It may be admitted that as thus worded, the disputed provision makes a distinction, in the matter of effectivity of their insurance coverage, between those appointed to the service on the first day of the month and those who receive their appointments on any other date. But classification or class legislation, assuming this to be one, does not ipso facto make a statutory provision invalid. Classification will not constitute an infringement of the individual's right to constitutional guarantees of equality if it is not unreasonable, arbitrary or capricious. To be reasonable, the classification must be based on substantial distinctions which make real differences; must be germane to the purposes of the law; must not be limited to existing conditions only, and must apply equally to each member of the class, under similar conditions. 1
In the instant case, it may be true that the disputed provision must have been incorporated in the law to promote efficiency and convenience in office procedure of the System. Taking into account the volume of business that the System handles, the providing of this measure which ultimately may redound to the benefit of the members in the form of efficient and prompt service, cannot be considered capricious or arbitrary.

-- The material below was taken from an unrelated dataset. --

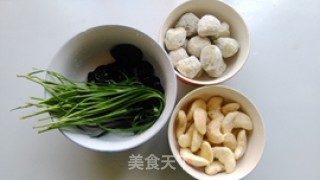 菱角鱼丸汤的做法步骤：1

Furthermore, it appears that the policy issued and accepted by Aleja during his lifetime specifically provides that the effective date of the insurance contract is February 1, 1959. Additionally, it is not denied that the first premium on said insurance contract was deducted from Aleja's salary only on January 31, 1959 or after his death. Clearly, at the time of his said death, there was no existing contract between him and the appellee GSIS, there being no consideration for the risk sought to be enforced against the insurance system. The offer of the latter to refund the amount collected after Aleja's death, is proper.

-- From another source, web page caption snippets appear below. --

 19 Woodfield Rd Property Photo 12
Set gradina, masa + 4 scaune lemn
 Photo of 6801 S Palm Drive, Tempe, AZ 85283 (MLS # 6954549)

WHEREFORE, the decision of the lower court appealed from is hereby modified in the sense that the defendant-appellee shall return to the plaintiffs the amount deducted from the deceased's salary in the form of premium. No costs. So ordered.
Bengzon, C.J., Concepcion, Reyes, J.B.L., Paredes, Dizon, Regala, Makalintal, Bengzon, J.P., and Zaldivar, JJ., concur.
Bautista Angelo, J., took no part.
Footnotes
1People v. Solon, G. R. No. L-14864, Nov. 23, 1960; People v. Vera, 65 Phil. 56; Laurel v. Misa, 42 O.G. 2847.